传统的碳化硅二极管分为结势垒肖特基二极管和PiN二极管两种。其中,结势垒肖特基二极管具有良好的开启电压和开关特性,没有双极退化效应,适合于高频工作条件,是新一代主流的低损耗功率器件,在牵引系统、智能电网、电动汽车中拥有广阔的应用前景。但是,其反向特性强烈依赖于P+区和N+区的宽度占比。当P+区宽度占比小时,器件泄漏电流增大,击穿电压急剧降低,且浪涌电流能力差;当P+区宽度占比大时,器件正向特性又会受到严重影响。同时,结势垒肖特基二极管中肖特基界面的温度特性较差,导致器件的泄漏电流在高温下急剧增加。

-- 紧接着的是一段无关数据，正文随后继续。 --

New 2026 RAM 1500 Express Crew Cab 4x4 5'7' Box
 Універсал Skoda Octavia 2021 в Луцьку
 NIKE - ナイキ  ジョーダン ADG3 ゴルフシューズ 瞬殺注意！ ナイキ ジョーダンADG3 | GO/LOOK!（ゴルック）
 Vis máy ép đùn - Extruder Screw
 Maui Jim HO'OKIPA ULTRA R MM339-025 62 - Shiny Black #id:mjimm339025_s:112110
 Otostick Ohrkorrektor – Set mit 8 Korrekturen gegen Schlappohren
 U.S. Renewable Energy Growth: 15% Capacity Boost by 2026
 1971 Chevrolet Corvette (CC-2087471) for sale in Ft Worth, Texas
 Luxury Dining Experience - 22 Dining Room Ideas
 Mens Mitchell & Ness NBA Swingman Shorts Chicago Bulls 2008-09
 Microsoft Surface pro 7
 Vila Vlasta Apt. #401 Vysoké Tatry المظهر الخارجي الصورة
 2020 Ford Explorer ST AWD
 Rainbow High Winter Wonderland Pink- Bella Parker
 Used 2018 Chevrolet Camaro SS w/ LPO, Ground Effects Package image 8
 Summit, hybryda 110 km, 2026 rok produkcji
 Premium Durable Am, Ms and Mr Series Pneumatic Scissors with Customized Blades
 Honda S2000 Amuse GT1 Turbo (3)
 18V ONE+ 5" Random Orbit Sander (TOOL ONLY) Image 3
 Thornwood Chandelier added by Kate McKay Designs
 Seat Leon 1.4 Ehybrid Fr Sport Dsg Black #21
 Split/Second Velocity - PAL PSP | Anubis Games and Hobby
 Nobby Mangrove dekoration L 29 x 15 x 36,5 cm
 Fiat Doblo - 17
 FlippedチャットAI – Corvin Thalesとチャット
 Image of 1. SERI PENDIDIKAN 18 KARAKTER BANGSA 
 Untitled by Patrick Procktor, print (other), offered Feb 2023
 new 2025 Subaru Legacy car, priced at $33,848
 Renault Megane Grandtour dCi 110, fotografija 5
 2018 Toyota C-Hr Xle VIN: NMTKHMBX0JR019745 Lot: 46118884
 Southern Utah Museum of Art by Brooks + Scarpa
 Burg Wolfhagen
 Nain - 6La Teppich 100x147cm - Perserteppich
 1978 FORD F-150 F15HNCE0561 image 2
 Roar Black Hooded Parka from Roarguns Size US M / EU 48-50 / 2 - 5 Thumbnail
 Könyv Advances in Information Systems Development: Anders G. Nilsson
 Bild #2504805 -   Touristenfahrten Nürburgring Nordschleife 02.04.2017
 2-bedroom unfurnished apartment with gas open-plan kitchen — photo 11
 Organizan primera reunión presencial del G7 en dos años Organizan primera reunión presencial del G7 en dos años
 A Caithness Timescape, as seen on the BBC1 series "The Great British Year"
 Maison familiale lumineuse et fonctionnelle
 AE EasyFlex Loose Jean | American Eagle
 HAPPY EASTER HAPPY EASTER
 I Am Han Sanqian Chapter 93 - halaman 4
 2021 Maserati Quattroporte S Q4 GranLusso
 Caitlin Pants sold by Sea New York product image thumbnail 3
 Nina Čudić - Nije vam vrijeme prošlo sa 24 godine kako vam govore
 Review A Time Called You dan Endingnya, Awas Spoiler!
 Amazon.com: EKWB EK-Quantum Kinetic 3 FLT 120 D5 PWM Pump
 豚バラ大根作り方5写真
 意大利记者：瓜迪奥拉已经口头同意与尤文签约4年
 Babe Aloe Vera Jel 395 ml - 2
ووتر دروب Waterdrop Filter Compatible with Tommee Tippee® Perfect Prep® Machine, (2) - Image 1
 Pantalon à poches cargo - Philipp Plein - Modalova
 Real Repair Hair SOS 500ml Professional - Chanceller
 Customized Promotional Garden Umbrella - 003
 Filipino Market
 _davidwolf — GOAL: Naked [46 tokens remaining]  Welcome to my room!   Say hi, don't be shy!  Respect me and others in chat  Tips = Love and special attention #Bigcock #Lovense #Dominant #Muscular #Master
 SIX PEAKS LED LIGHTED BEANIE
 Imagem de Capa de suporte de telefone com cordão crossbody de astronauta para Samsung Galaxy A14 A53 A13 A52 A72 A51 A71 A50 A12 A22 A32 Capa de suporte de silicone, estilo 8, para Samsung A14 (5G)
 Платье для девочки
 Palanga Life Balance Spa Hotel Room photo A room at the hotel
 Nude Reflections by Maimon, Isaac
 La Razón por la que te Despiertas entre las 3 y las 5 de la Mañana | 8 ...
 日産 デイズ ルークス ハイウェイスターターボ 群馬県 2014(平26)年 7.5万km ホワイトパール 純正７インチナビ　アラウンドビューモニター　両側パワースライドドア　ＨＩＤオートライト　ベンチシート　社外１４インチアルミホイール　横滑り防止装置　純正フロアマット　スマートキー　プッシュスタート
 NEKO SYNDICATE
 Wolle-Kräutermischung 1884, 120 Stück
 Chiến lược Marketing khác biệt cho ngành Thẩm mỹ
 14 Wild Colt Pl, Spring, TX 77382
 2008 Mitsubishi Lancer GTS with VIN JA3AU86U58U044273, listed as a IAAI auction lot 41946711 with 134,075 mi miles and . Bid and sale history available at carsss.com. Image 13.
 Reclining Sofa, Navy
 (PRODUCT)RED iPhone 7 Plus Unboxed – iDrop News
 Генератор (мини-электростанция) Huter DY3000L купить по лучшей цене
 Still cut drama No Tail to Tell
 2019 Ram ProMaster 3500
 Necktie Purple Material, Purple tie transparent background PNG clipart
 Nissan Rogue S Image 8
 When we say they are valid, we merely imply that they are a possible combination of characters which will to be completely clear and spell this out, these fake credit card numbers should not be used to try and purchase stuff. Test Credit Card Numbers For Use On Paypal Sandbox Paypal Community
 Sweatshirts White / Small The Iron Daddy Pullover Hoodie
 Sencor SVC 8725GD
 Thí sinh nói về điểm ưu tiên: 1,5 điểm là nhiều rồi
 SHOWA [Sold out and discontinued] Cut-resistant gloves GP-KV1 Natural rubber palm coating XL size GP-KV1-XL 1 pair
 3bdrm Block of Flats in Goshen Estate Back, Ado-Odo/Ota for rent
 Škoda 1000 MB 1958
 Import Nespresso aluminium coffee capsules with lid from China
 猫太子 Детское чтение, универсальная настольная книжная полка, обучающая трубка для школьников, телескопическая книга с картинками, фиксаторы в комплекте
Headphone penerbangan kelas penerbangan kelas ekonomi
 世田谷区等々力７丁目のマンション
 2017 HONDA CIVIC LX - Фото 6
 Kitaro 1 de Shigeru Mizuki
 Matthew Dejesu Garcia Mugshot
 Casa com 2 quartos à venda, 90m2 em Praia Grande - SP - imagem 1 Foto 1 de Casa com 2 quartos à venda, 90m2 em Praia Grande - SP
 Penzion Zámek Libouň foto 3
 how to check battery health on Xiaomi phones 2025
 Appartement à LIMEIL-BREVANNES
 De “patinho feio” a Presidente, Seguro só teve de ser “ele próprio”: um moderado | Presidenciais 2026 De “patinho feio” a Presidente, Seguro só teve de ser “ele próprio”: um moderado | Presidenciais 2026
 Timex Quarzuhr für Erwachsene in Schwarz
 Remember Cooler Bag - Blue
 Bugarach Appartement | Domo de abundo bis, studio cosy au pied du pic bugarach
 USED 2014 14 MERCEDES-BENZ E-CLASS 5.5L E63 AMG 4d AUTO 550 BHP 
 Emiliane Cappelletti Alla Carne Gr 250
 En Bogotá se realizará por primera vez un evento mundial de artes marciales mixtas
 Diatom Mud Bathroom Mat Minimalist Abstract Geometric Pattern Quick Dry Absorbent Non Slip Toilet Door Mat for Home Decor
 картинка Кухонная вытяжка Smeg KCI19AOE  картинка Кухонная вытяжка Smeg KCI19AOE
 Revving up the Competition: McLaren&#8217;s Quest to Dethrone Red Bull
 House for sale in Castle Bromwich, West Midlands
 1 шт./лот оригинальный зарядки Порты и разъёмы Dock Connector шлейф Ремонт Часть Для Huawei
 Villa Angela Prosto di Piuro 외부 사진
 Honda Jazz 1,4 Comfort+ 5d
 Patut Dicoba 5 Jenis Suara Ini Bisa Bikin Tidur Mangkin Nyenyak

PiN二极管具有良好的温度特性和浪涌电流能力。碳化硅PiN二极管在反向时利用PN结势垒阻断电流,泄漏电流更小。但是其双极导电模式会导致严重的双极退化效应,在器件中形成堆垛层错等缺陷,影响器件正向特性,对器件可靠性带来隐患。同时,由于开启电压高于结势垒肖特基二极管,在一定电流范围内其正向压降更大,导致开态损耗的增加。在关断时,由于少子存储效应,存在较大的反向恢复电流,增加了开关损耗,限制开关频率。因此,PiN二极管在一定情况下的总损耗更高,且存在可靠性问题。
发明内容
为了解决以上问题,本发明的目的是提出一种低导通压降的碳化硅二极管器件及制备方法。由于沟道在反向情况下得到很好的保护,抑制了反向时的漏致势垒降低效应带来的大泄漏电流,因此可以将沟道长度缩短,降低势垒,从而降低正向导通压降。反向情况下,N+源区和P型基区可以很好保护氧化层,降低峰值电场的同时,防止大电场对栅氧可靠性带来的影响。由于器件是单极性器件,因此不具有双极退化效应带来的可靠性问题,无反向恢复电流,适用于高频工作。同时,由于没有使用肖特基接触,其温度特性更好。当器件受到浪涌电流应力的作用时,P型基区和N-漂移区的PN结开启,降低漂移区电阻。由于器件的正向特性取决于沟道注入的载流子浓度,因而可以增加P型基区宽度,增加了正向特性和浪涌电流能力的折中空间。因此,本发明通过引入沟道和利用N+源区与P型基区保护栅氧化层和沟道来实现导通损耗和反向特性的良好折中。在保证器件耐压和无双极退化效应的情况下,保持正向特性和开关特性优势,兼顾温度特性和浪涌电流能力。
为达到上述目的,本发明采用下述技术方案:
一种低导通压降二极管器件,包括背面的阴极金属9、阴极金属9上方的N+衬底8、N+衬底8上方的N-漂移区7;所述N-漂移区7内部的左方是第一P型基区6,所述N-漂移区7内部的右方是第二P型基区61;所述第一P型基区6内部的左方是第一P+源区5;所述第一P+源区5的右方是第一N+源区4;所述第一P+源区5的上方是第一阳极金属3;所述第一阳极金属3内的右下方是第一多晶硅栅2;所述第一多晶硅栅2的右方是第一栅介质1,第一栅介质1的深度与第一阳极金属3一致;所述第二P型基区61内部的右方是第二P+源区51;所述第二P+源区51的左方是第二N+源区41;所述第二P+源区51的上方是第二阳极金属31;所述第二阳极金属31内的左下方是第二多晶硅栅21;所述第二多晶硅栅21的左方是第二栅介质11,第二栅介质11的深度与第二阳极金属31一致;所述第一P型基区6和第一栅介质1的界面为器件的第一沟道;所述第二P型基区61和第二栅介质11的界面为器件的第二沟道。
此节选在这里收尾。